* [EXERCISE PROMPT]: Set down exactly the lines from the one containing "a hallway with" to the final line of the records below, with every picture omitted.

┄┄┄┄┄┄

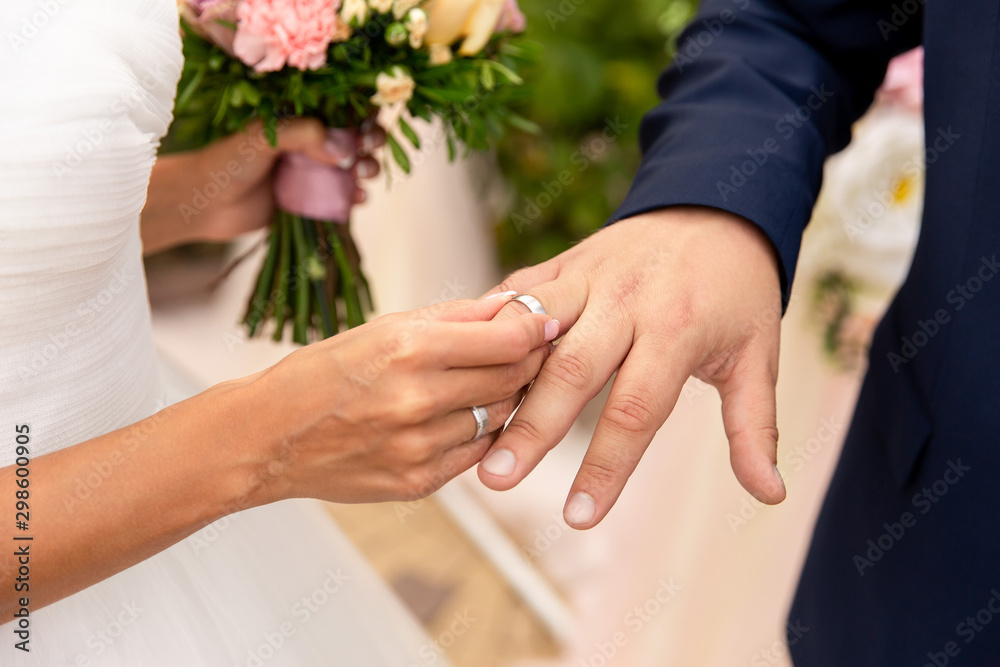 Wedding, marriage concept. Bride puts wedding ring on groom’s finger on wedding day Wedding, marriage concept. Bride puts wedding ring on groom’s finger on wedding day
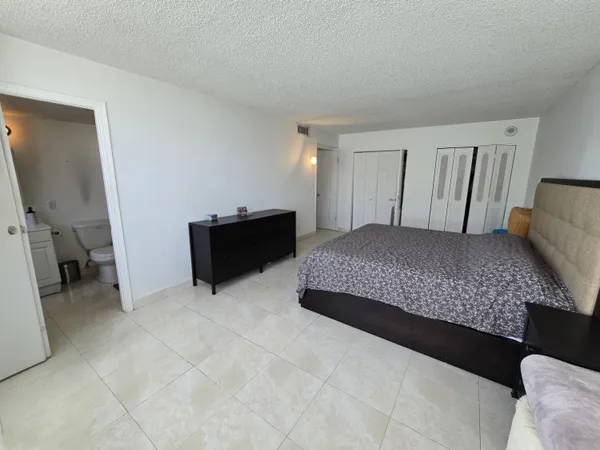 a bedroom with a bed and dresser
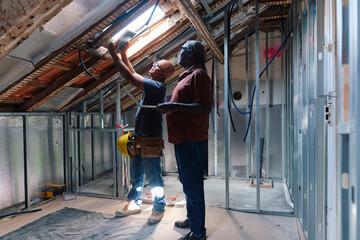 Architect and builder holding solar panel in front of window at site
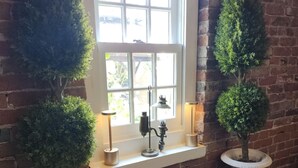 Una pared de ladrillo con una ventana, dos árboles en macetas, una mesa y una silla.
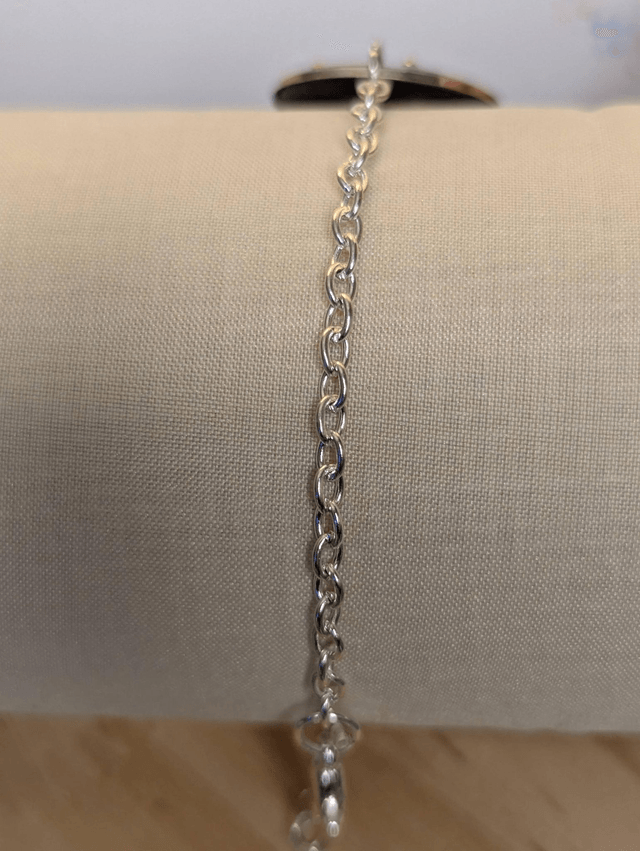  Bracelet avec une chaine de couleur argent, un pendentif en résine noir avec des fleurs séchés, le fermoir est en argent.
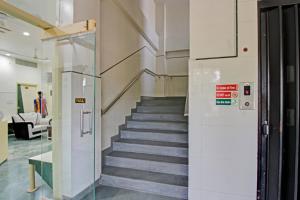 a hallway with a staircase in a building at Hotel O Sunshine Inn in Nagpur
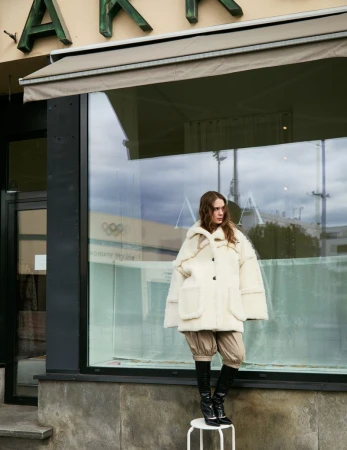 Fashion shot of a woman in an off-white coat and black boots posing on a stool outside a storefront with architectural details.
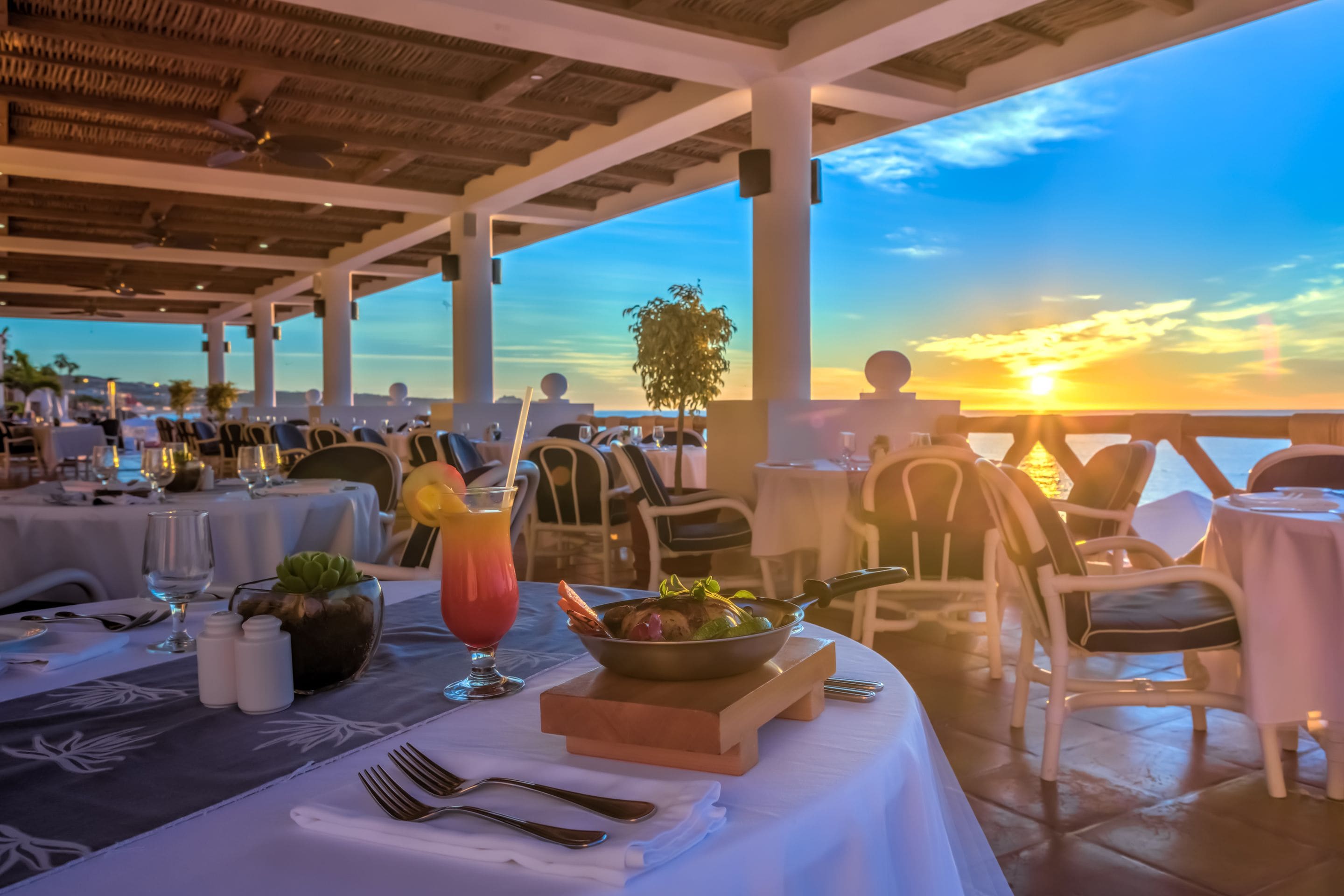 Un espace de restauration en plein air avec des tables préparées pour deux personnes, un saladier rempli de salade et un cocktail posé sur la table.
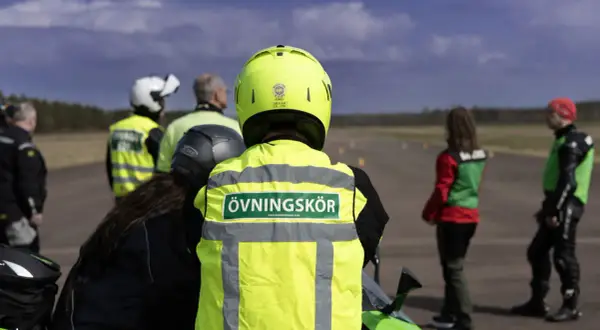 Motorcykelutbildning pågår. En handledare med texten "Övningskör" på västen står redo. Frågan om hur många elever en handledare får ha är relevant för säkerheten.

┄┄┄┄┄┄

* [ANSWER SECTION]:
 a hallway with a staircase in a building at Hotel O Sunshine Inn in Nagpur
 Fashion shot of a woman in an off-white coat and black boots posing on a stool outside a storefront with architectural details.
 Un espace de restauration en plein air avec des tables préparées pour deux personnes, un saladier rempli de salade et un cocktail posé sur la table.
 Motorcykelutbildning pågår. En handledare med texten "Övningskör" på västen står redo. Frågan om hur många elever en handledare får ha är relevant för säkerheten.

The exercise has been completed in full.